Touying can work properly with the Theorion package, you can directly use the theorion package. Additionally, you can use #set heading(numbering: "1.1") to set numbering for sections and subsections.

Note: To make animation commands like #pause work properly with theorion, you need to use config-common(frozen-counters: (theorem-counter,)) to bind counters that need to be frozen.

#import "@preview/touying:0.6.3": *
#import themes.university: *
#import "@preview/numbly:0.1.0": numbly
#import "@preview/theorion:0.4.1": *
#import cosmos.clouds: *
#show: show-theorion

#show: university-theme.with(
  aspect-ratio: "16-9",
  config-common(frozen-counters: (theorem-counter,)),  // freeze theorem counter for animation
)

#set heading(numbering: numbly("{1}.", default: "1.1"))

= Theorems

== Prime numbers

#definition[
  A natural number is called a #highlight[_prime number_] if it is greater
  than 1 and cannot be written as the product of two smaller natural numbers.
]
#example[
  The numbers $2$, $3$, and $17$ are prime.
  @cor_largest_prime shows that this list is not exhaustive!
]

#pause

#theorem(title: "Euclid")[
  There are infinitely many primes.
]

#pagebreak(weak: true)

#proof[
  Suppose to the contrary that $p_1, p_2, dots, p_n$ is a finite enumeration
  of all primes. Set $P = p_1 p_2 dots p_n$. Since $P + 1$ is not in our list,
  it cannot be prime. Thus, some prime factor $p_j$ divides $P + 1$. Since
  $p_j$ also divides $P$, it must divide the difference $(P + 1) - P = 1$, a
  contradiction.
]

#corollary[
  There is no largest prime number.
] <cor_largest_prime>
#corollary[
  There are infinitely many composite numbers.
]

#theorem[
  There are arbitrarily long stretches of composite numbers.
]

#proof[
  For any $n > 2$, consider $
    n! + 2, quad n! + 3, quad ..., quad n! + n
  $
]
Touying example output

Why frozen-counters is Required

Touying renders each subslide by re-evaluating slide content. Without frozen-counters, Theorion's internal theorem-counter would increment on every subslide, causing theorem numbers to jump unexpectedly.

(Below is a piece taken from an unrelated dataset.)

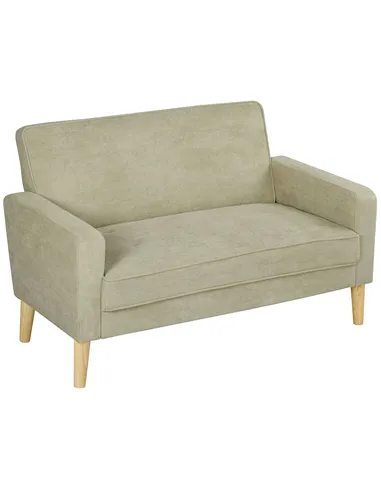 HOMCOM Two-Seater Velvet-Feel Sofa - Beige
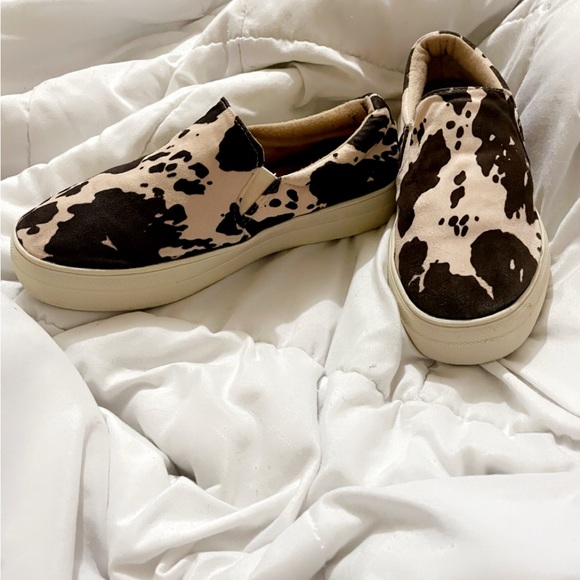 Cow Print Slip-On Sneakers - Picture 1 of 2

config-common(frozen-counters: (theorem-counter,)) tells Touying to capture the counter value at the start of each slide and restore it before rendering each subslide, so theorem numbers remain consistent across animation steps.

Multiple Counter Types

If you also have figure counters that should be frozen:

config-common(frozen-counters: (theorem-counter, figure.where(kind: image)))

Cosmos Styles

Theorion ships with several visual styles. The example above uses cosmos.clouds. Others include cosmos.fancy, cosmos.aurora, and more. See the Theorion documentation for details.